İstanbul Türkiye’nin eşitsizlik, yoksulluk, evsizlik ve bir çok sosyal sorununun merkezi olmasına ek olarak ekolojik açıdan da yıkımın merkezidir. Çevre Mühendisleri Odası İstanbul Şubesi’nin hava kirliliği, su ve atık su, toprak kirliliği, gürültü kirliliği ve Kanal İstanbul projesi olmak üzere beş ana bölümden oluşan raporu İstanbul’un katil projelerin odağı haline geldiğini anlatmaktadır (ÇMO, 2018). Karada ve denizde İstanbul’da birçok tür yok olmuş veya yok olma tehlikesi altındadır (Hürriyet, 2000). Yani milyarlarca yıldır insandan önce İstanbul’lu olan çeşitli yaşam türleri son 100 yıldaki kentleşmenin kurbanı olmakta, bu da ekolojik yaşamı  tehdit etmektedir.

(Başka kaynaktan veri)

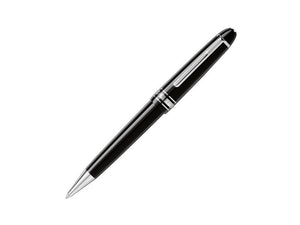 Bolígrafo Montblanc Meisterstück Midsize, Adornos en platino, 132491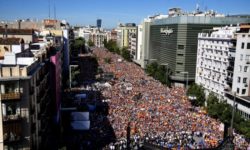 VIDEO Manifestaţii la Madrid împotriva oricărei amnistii pentru separatiştii catalani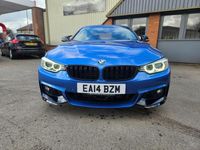 Used BMW 420 M Sport 2014 Blue Cabriolet
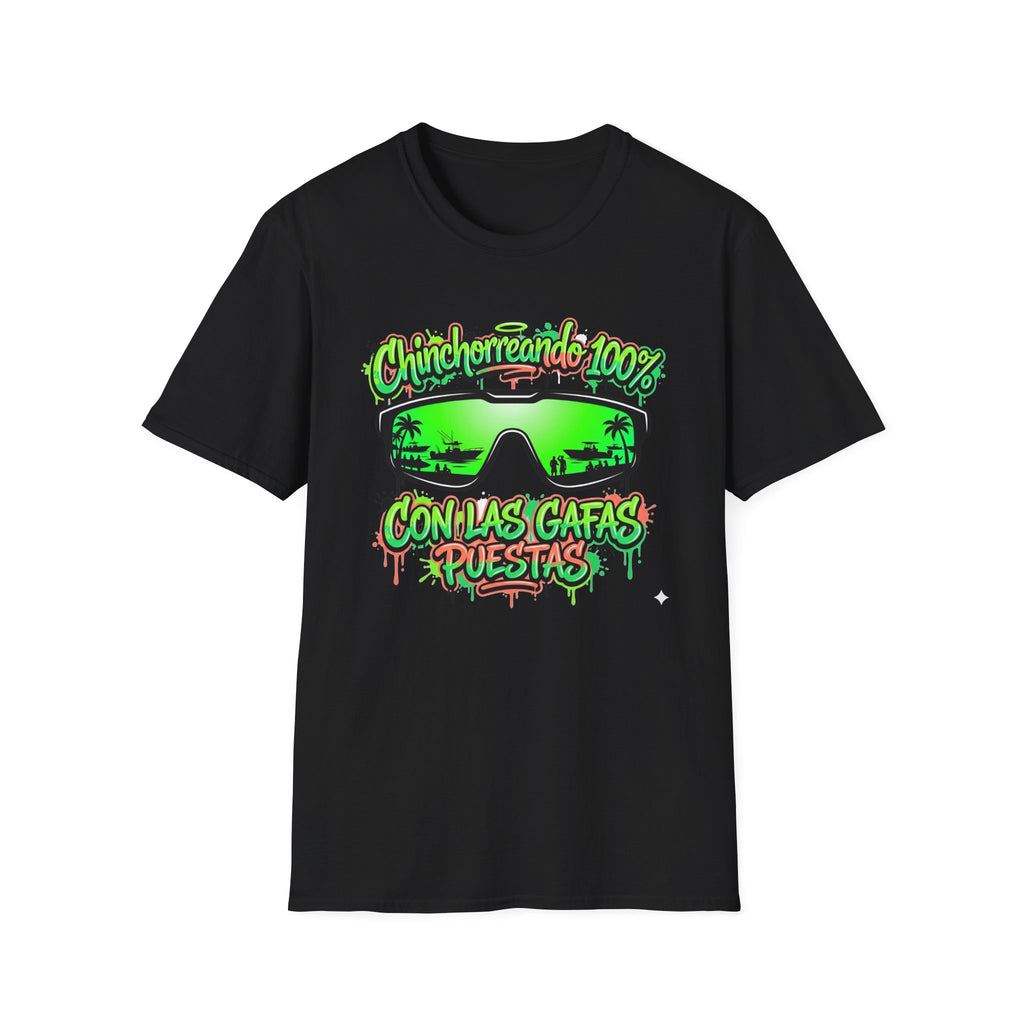 Chinchorreando 100% sunglasses graphic T-Shirt | Spanish beach vibes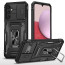 Vaku ® Samsung Galaxy A15 5G Aegis Armor Slide Camera Protection Magnetic Ring Holder Kickstand Back Cover
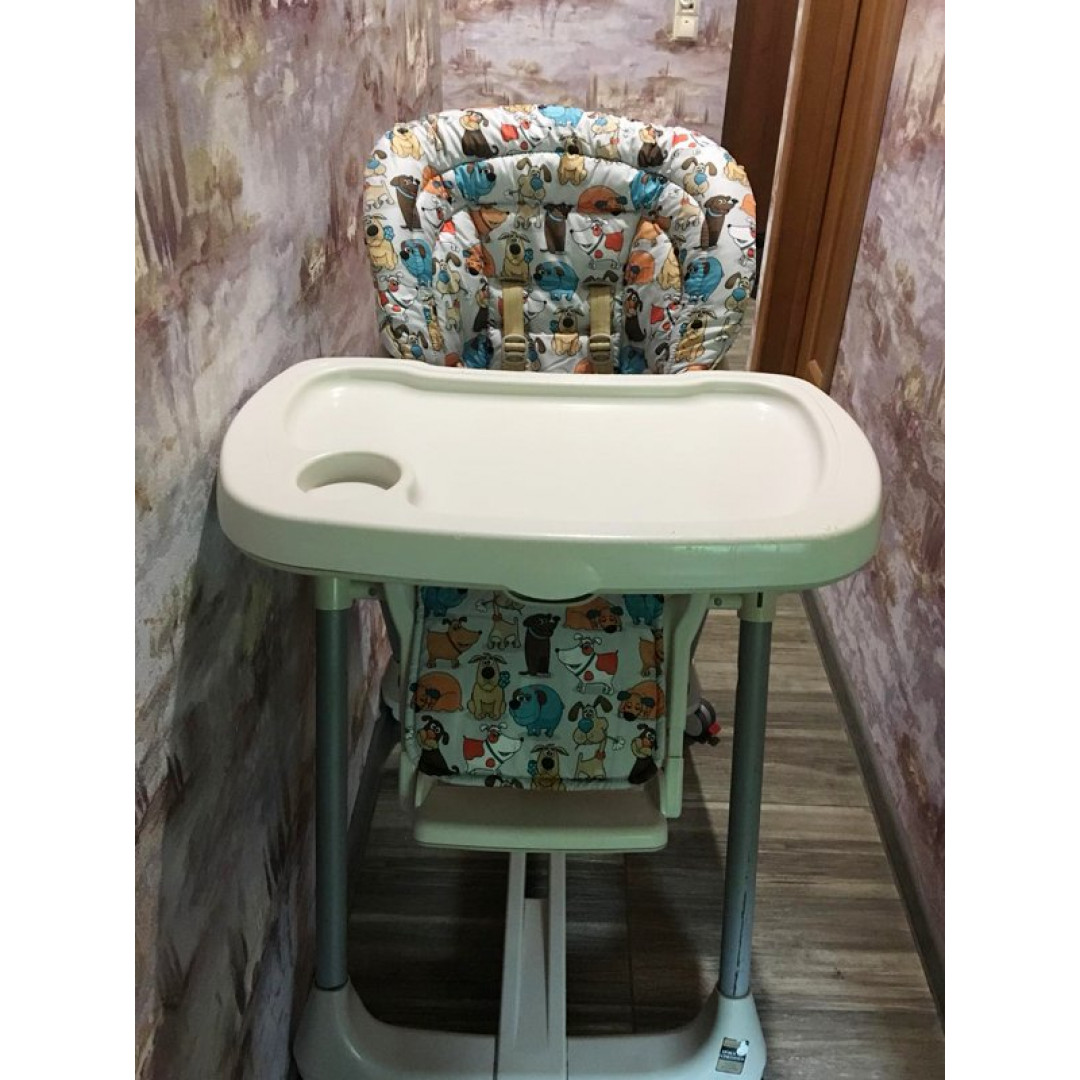  Купить чехол на стульчик для кормления Peg Perego Prima Pappa Best (Собачки, водостойкий)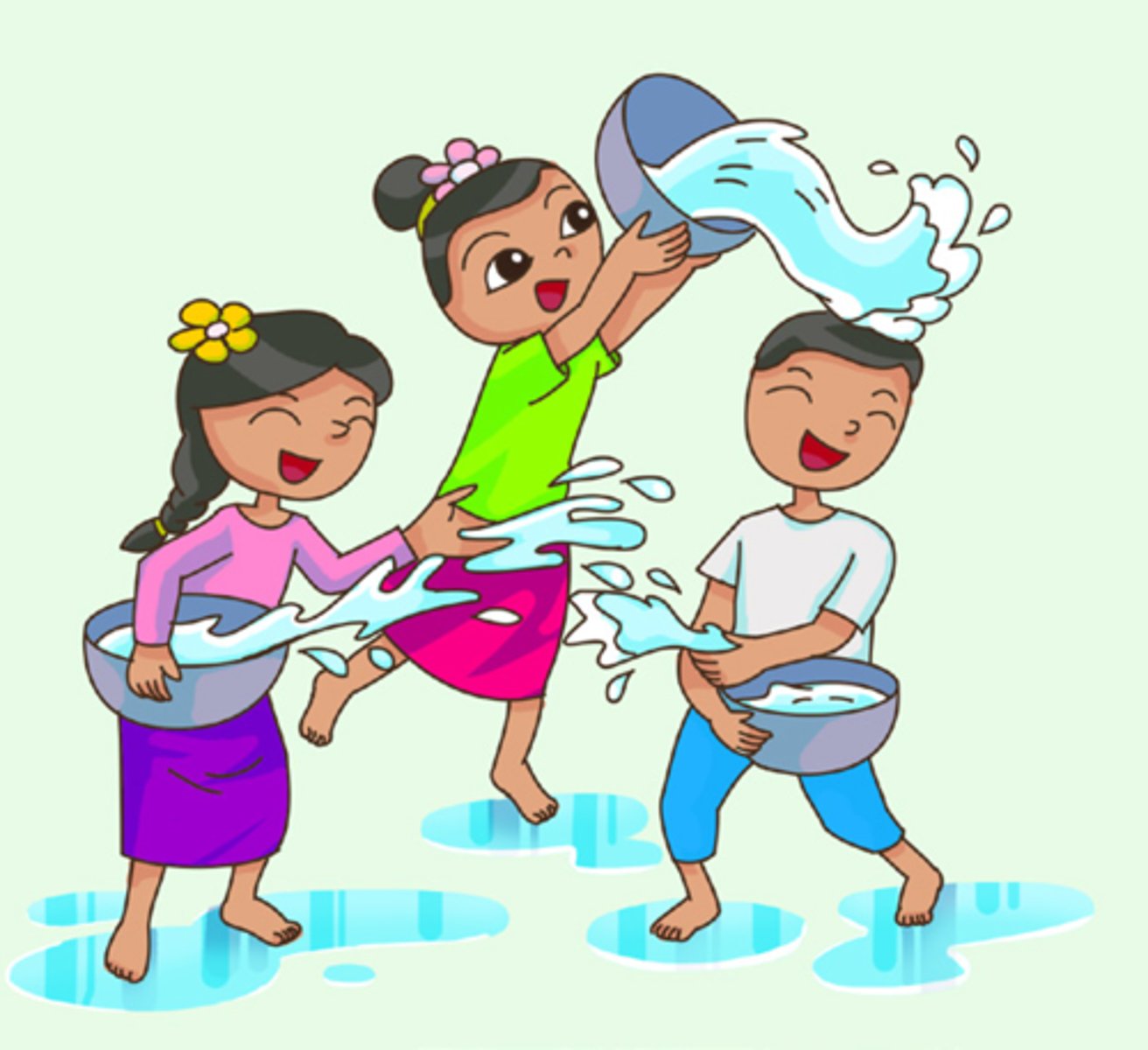 <p>(n): chọi nước</p>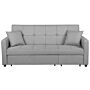 Sofa Bed Grey Sleeping Function Modern Upholstered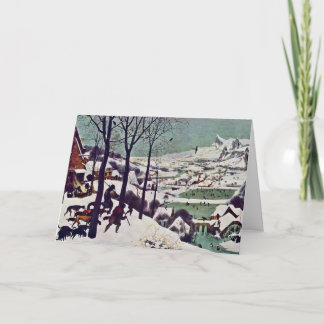 De jagers in de Sneeuw, door Bruegel D. Ä. Pieter Kaart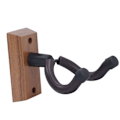 Miniatyrbild 3 av 9: Väggmonterat gitarrställ Hängare Gitarrhalsfäste Krokhållare Musikinstrument Tillbehör Trapezformad Svart Valnötsträ (ZYH)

İstanbul’luların Birbiriyle İlintili Derin Sorunları, Mahalle Toplantılarının Haritalaştırılması, Ezgi İlknur Özkan, De-Urban Design Studio

  1. İhtiyaç olan öncelikle bir vizyondur

2.1. Mevcut Durum Kabul Edilemez ve Sürdürülemez

İstanbul’un sosyal ve ekolojik yapısının analizi, mevcut kentleşmenin yan ürünleri olarak endüstriyel tarım, petrol bağımlılığı, kirlilik, iklim krizi, yoksullaşma, göç ve sosyal çatışmalar gibi sorunları beraberinde getirdiğini göstermektedir. İstanbul’un mevcut sosyal ve ekonomik durumu, başta Türkiye olmak üzere dünyanın birçok kentinin fakirleşmesine neden olan insan, bilgi ve sermayenin göçüyle oluşmaktadır. Bu durum, giderek  kentte yaşayanlar  arasında sosyal adaletsizliğin artmasına, az gelirli ve incinebilir grupların yaşamının zorlaşmasına sebep olmakta ve ekolojik yıkımı beraberinde getirmektedir.Tüm bu sebeplerden dolayı da mevcut durum kabul edilebilir ve sürdürülebilir değildir.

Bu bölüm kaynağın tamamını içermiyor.